### Source data:
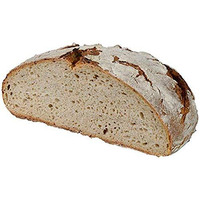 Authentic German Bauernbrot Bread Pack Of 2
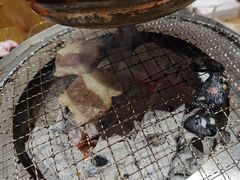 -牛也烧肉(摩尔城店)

--

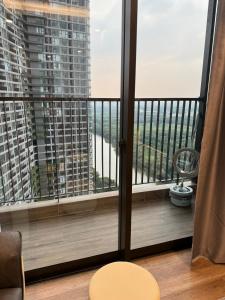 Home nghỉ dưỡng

### What you need to do:
Set the pictures aside and retype exactly the lines above from the line with "Authentic German Bauernbrot Bread Pack Of 2" to the line with "-牛也烧肉(摩尔城店)", both included, adding no others.

### Written response:
 Authentic German Bauernbrot Bread Pack Of 2
 -牛也烧肉(摩尔城店)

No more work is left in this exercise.